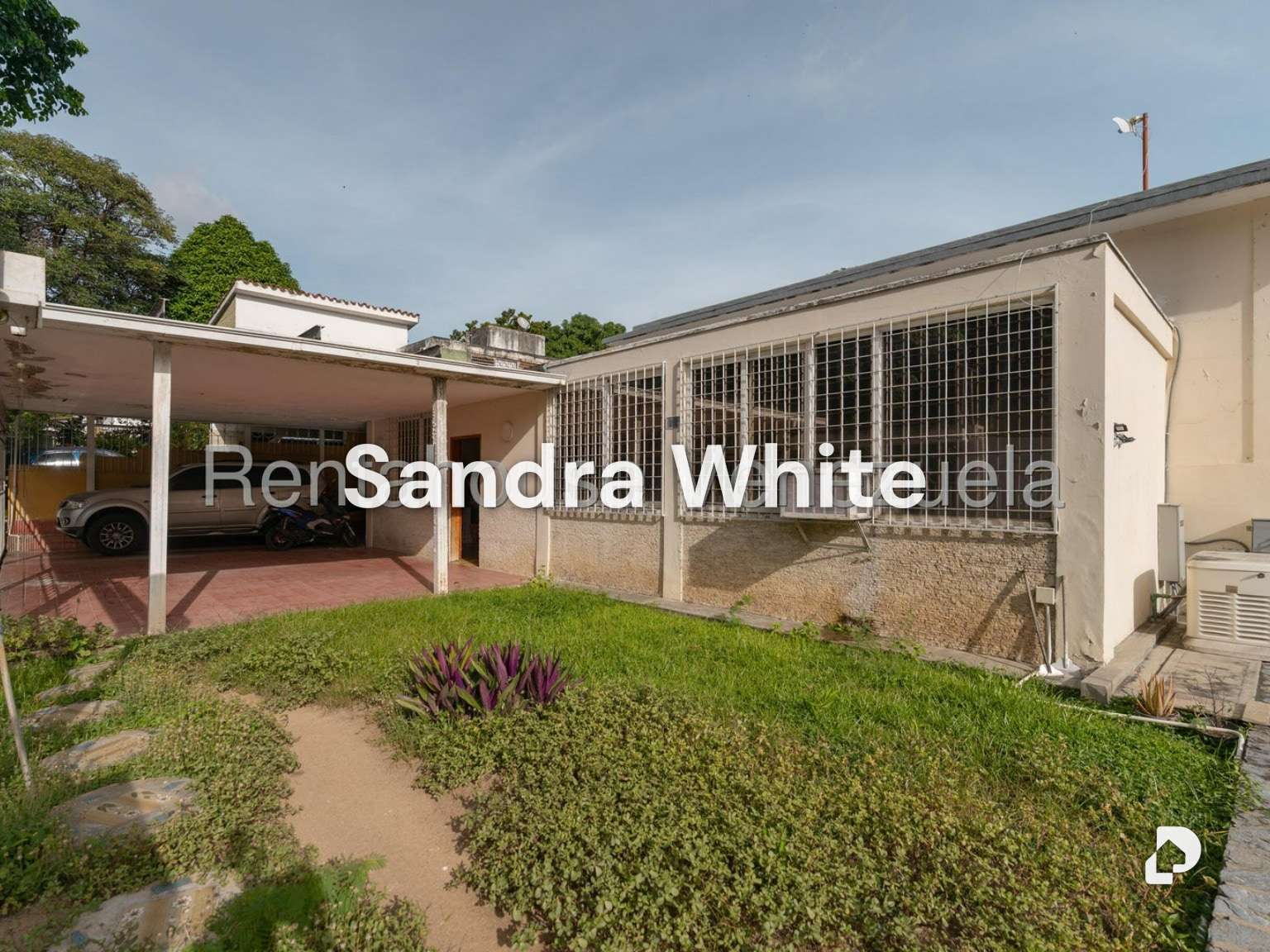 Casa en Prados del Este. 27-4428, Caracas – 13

---

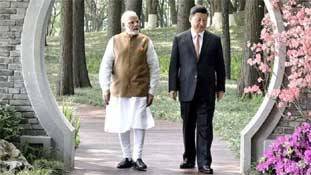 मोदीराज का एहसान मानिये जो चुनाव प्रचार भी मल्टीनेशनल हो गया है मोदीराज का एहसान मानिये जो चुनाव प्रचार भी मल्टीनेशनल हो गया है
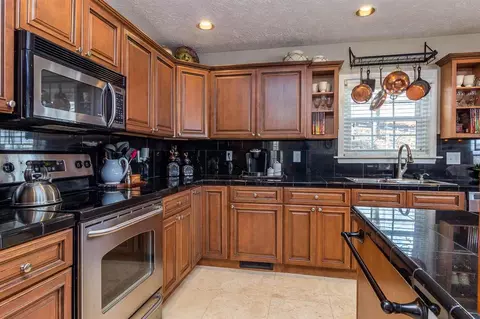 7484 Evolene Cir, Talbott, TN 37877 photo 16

Exercise brief:
With pictures excluded, reproduce exactly the lines above from the one containing "गया है मोदीराज" down to the one containing "7484 Evolene Cir, Talbott, TN 37877 photo 16", those two included.

Answer to this exercise:
 मोदीराज का एहसान मानिये जो चुनाव प्रचार भी मल्टीनेशनल हो गया है मोदीराज का एहसान मानिये जो चुनाव प्रचार भी मल्टीनेशनल हो गया है
 7484 Evolene Cir, Talbott, TN 37877 photo 16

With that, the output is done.